Publié le 8 octobre 2025 20:58:00. Le président colombien Gustavo Petro s’interroge sur la nationalité d’un navire détruit par les États-Unis en mer des Caraïbes, tandis que Washington justifie ces opérations par la lutte contre le trafic de drogue, suscitant des tensions régionales.
- Gustavo Petro affirme que des citoyens colombiens pourraient avoir été à bord du navire détruit par les États-Unis.
- Les États-Unis ont mené au moins quatre opérations militaires similaires dans la région depuis début septembre.
- Washington accuse le président vénézuélien Nicolás Maduro d’être impliqué dans le trafic de drogue, ce qu’il nie fermement.
Le président colombien Gustavo Petro a exprimé mercredi ses doutes quant à la nationalité du dernier navire détruit par les forces américaines en mer des Caraïbes la semaine dernière. Selon Petro, des indices suggèrent que le bateau pourrait être colombien et qu’il transportait des citoyens de son pays. Sur son compte X, il a déclaré : « Les indications montrent que le dernier bateau bombardé était colombien et qu’il y avait des citoyens colombiens à l’intérieur. J’espère que leurs familles viendront le signaler. » Il n’a toutefois fourni aucun détail ni preuve à l’appui de ces affirmations.
Cette intervention intervient dans un contexte de tensions croissantes dans la région. Le secrétaire à la Défense américain, Pete Hegseth, a indiqué vendredi que les États-Unis avaient attaqué un « navire de trafic de drogue » en eaux internationales, près des côtes du Venezuela, tuant les quatre personnes à bord. Il s’agit au moins de la quatrième opération militaire américaine connue dans la région depuis début septembre, toutes ciblant des navires que la Maison Blanche qualifie d’« affiliés » à des cartels de la drogue.
Petro avait déjà soulevé la possibilité que l’un des navires détruits soit colombien le 22 septembre, quelques jours après la deuxième attaque. Sur X, il avait alors estimé que « si le bateau a été coulé en République Dominicaine, alors il est possible qu’il s’agisse de Colombiens », ajoutant que « Cela signifie que des responsables des États-Unis et de la République dominicaine seraient coupables du meurtre de citoyens colombiens ».
De son côté, le sénateur américain Marco Rubio a affirmé dimanche être convaincu que toutes les personnes à bord des quatre navires étaient impliquées dans le trafic de drogue. Il a souligné que le ministère de la Défense ne prend pas ces opérations à la légère et qu’il ne cible que les navires dont la présence de stupéfiants est confirmée. « De nombreux navires naviguent dans cette région, dont certains, nous le soupçonnons, pourraient transporter de la drogue, et ils ne tirent pas sur eux parce qu’ils doivent être totalement en sécurité », a-t-il précisé.
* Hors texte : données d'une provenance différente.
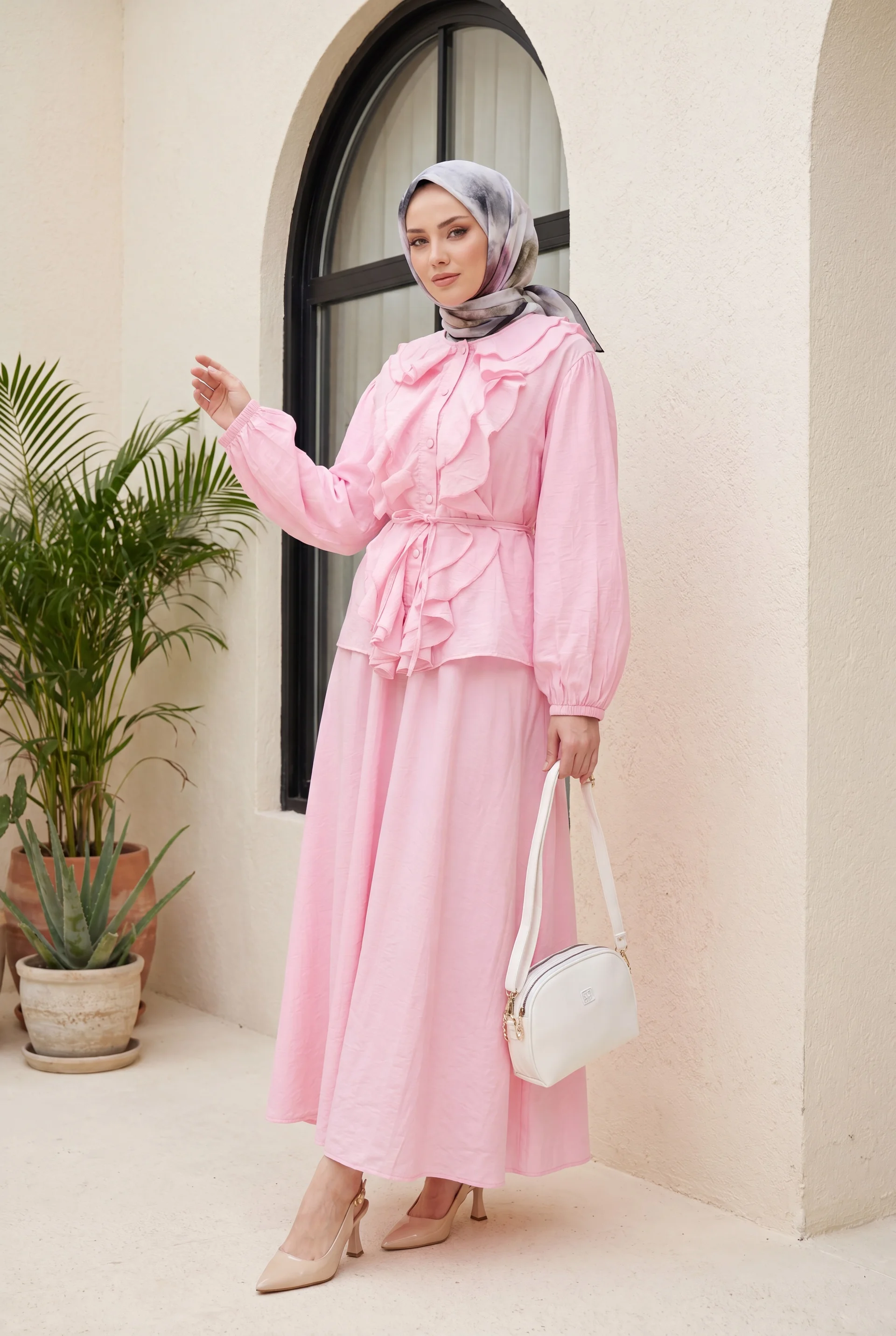 Women's Pink Ruffled Front Tie Waist Skirt Set with Blouse - Podyumplus - by Peralane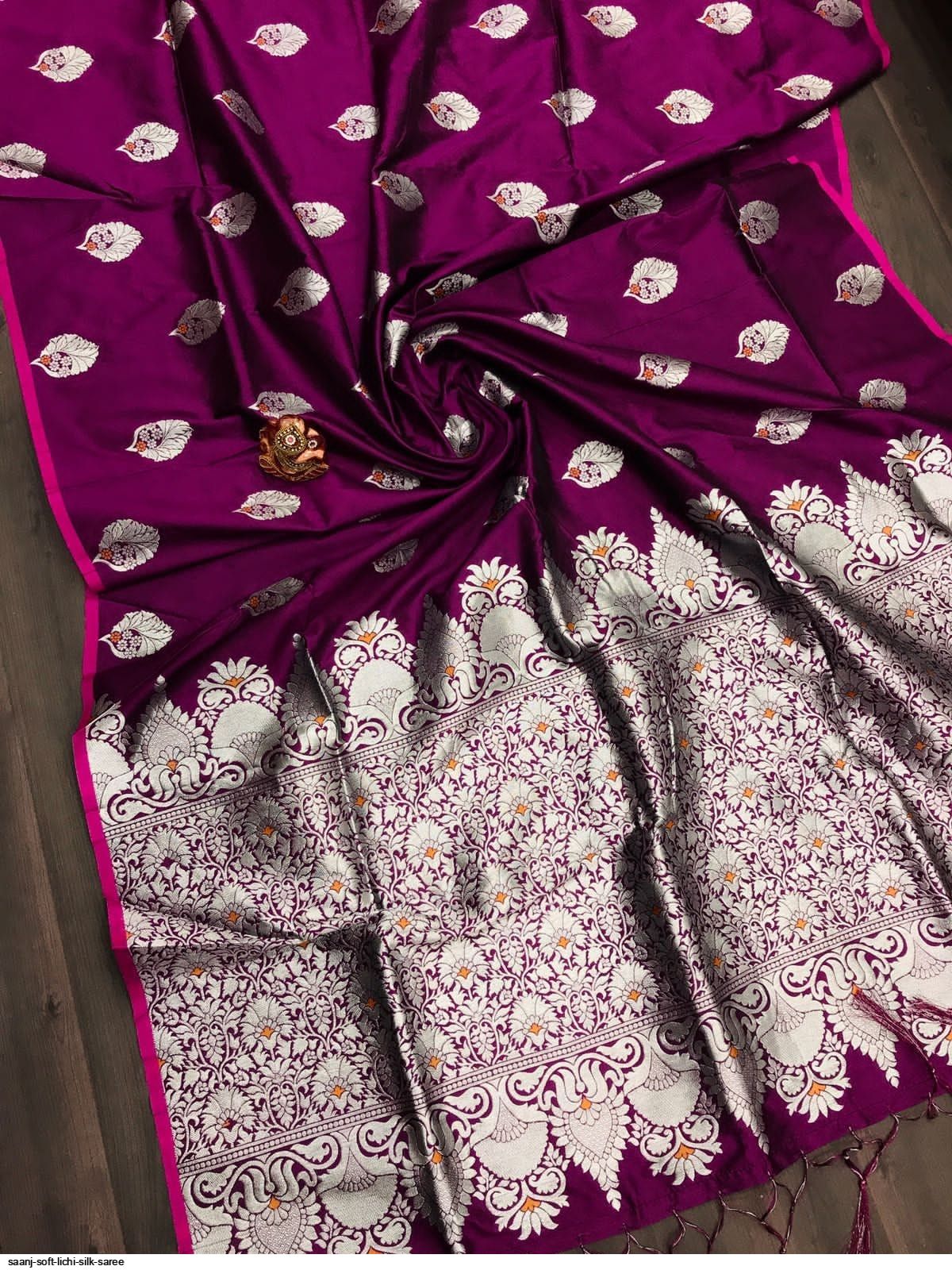 SAANJ SOFT LICHI SILK SAREE A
Ces opérations s’inscrivent dans le cadre d’un déploiement de navires de guerre américains dans les Caraïbes, officiellement justifié par la lutte contre le trafic de drogue. Cependant, Caracas dénonce une tentative de changement de régime. Les États-Unis accusent le président vénézuélien Nicolás Maduro d’être impliqué dans le trafic de drogue – une allégation qu’il réfute catégoriquement – et ont récemment doublé la récompense offerte pour son arrestation, la portant à 50 millions de dollars.
CNN a sollicité des commentaires auprès du Département d’État américain, du ministère colombien de la Défense, ainsi que des ambassades américaine en Colombie et au Venezuela, mais n’a pas reçu de réponse dans l’immédiat.